Toch highlighted increased parental interest in their children’s education as a potential consequence of the rise in enrollment and demographic shifts in the school system,
“Many of these new parents with kids in the DCPS are younger, well-educated and are people for whom a good education is particularly important,” Toch said. “One consequence is likely to be that there will be a good deal of parental engagement in schools and the pressure will be on schools to perform in the same way that more affluent families who tend to send their kids to private school bring a great pressure to bear on independent schools.”
However, Georgetown government associate professor Douglas Reed predicts D.C.public schools will face hardships if the increased enrollment patterns continue.
“I think that one of the things going forward that is going to be interesting is if this growth continues and if the D.C. real estate market continues to be as dynamic as it is, finding sites for schools if they’re going to build new ones could in the foreseeable future be a challenge,” Reed said.
Reed said that a possible solution to this would be increased collaboration between the different types of schools that fall under the DCPS umbrella.
“You have traditional neighborhood schools, the charter schools and then you also maybe have some themes from magnet schools that blend in too,” Reed said. “I think that they should make a greater push for collaboration between charter and public schools and this is hard to do because charter schools are very much operating with their own objective and mission.”
Reed added that one of the biggest problems DCPS faces is the achievement gap.
“To the extent that poor kids are not achieving at the same rate as middle class or upper middle class kids, this is a hard problem to solve nationally, not just in the District,” Reed said. “They have done somewhat better in terms of test score outcomes, but this may just be a function of how they are getting a more middle class and affluent student body.”
McCourt School of Public Policy Research professor Jeff Strohl discussed the growing appeal of living in the District.
“People have found that the resurgence of the inner city of D.C. is attractive. The city has definitely become more attractive over time,” Stohl said. “You have to keep in mind that Washington D.C., at one point in the nineties, was the murder capital of the country.”
According to Strohl, current demographic structures put underprivileged populations at a disadvantage in the school system.
“The critical demand is on improved schooling and on improved inclusion,” Stohl said. “There is always a problem in Washington of demographic segregation and it’s going to be a continual problem to ensure that the affluent voices on school issues still lead to inclusive and positive impacts for the disadvantaged portions of the population.”

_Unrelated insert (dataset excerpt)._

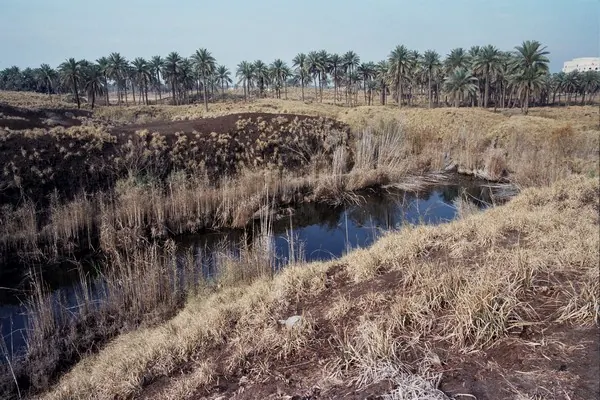 Square depression with brick remains surrounded by reeds and water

Strohl added there are still many issues in the District’s public schools, despite the increased enrollment.
“The school system is in a very weird place because it is being yanked into the present by these demographic changes that are led by a very vocal affluent population that is demanding that the public school system deliver a high quality education, and the school system is going to take awhile to catch up,” Stohl said.
However, Reed highlighted the improvements that have been made in the school system.
“The schools have done better in terms of organization and school facilities,” Reed said. “They have done a really great job improving the central administration and the physical climate of schools and so they look great and those are some really compelling reasons to be in D.C. schools.”
Strohl also emphasized the achievements indicated by the increased enrollment for DCPS.
“Overall it is a sign of strength and it’s a sign of growth,” Strohl said. “I think that growing enrollments show that maybe D.C. public schools have really turned a corner over the last 10 years.”